Becoming a NAVEX Global company has put us in an even stronger position to develop the WhistleB service faster as digitalisation accelerates both requirements and solutions. WhistleB will continue to be a strong, separate product in the NAVEX Global portfolio of services, primarily for European companies that also operate internationally. We also see that the data privacy issue is very important to European customers, and we will continue to focus on this. As a NAVEX Global product, we look forward to being able to provide a broader compliance service offering to customers, from one supplier.

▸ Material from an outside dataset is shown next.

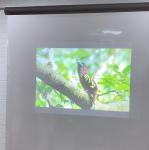 Daylight transparent holographic film , Adhesive Mirror Film For Shopping Malls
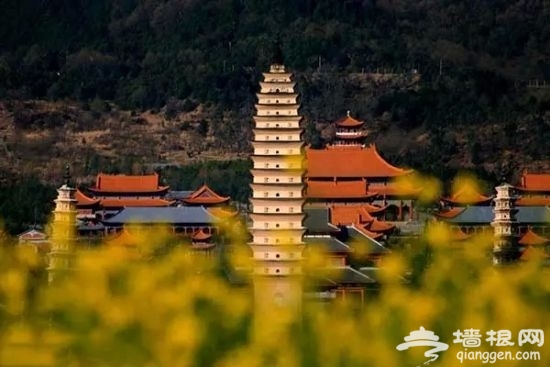 寻找冬日的暖阳 中国最适合父母养身的9个旅行地[墙根网]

I’d also highlight our WhistleB Partnership Programme. We’ve worked with partners for a long time but we are currently seeing an increasing demand in Europe from professionals such as law firms, investigators, employment specialists and others to partner with us. WhistleB provides a secure, user-friendly, web-based platform and our partners provide expertise in processing and investigating cases.
We have active partners all over Europe, and our mutual customers get the benefit of expertise from two organisations, covering the receiving, processing and investigating of cases.
What about 10 years from now for whistleblowing and whistleblowers?
In the next decade I believe that having an organisational whistleblowing system will be business as usual – nobody will think about it any longer. Corporate responsibility is on the rise along with a move to stamp out corruption, which is so destructive to society, harassment that can lead to so much pain, or other societally damaging behaviours.
Loyalty to your employer will mean a responsibility to report issues internally, loyalty to employees will mean making it possible to do so safely.
Whistleblowers will be seen as beacons of professional or moral integrity, seedlings for change and value-adding members of the organisation or its network. Well I hope so at least!
Helpful whistleblowing resources on this 10-year anniversary and World Whistleblower Day
To encourage and enable organisations to embrace whistleblowers and whistleblowing, we are making the following available:
- Free WhistleB e-book: The ABC guide for establishing a whistleblowing solution that increases customer and employee satisfaction. Download the e-book or order a hard copy from Amazon or Bokus.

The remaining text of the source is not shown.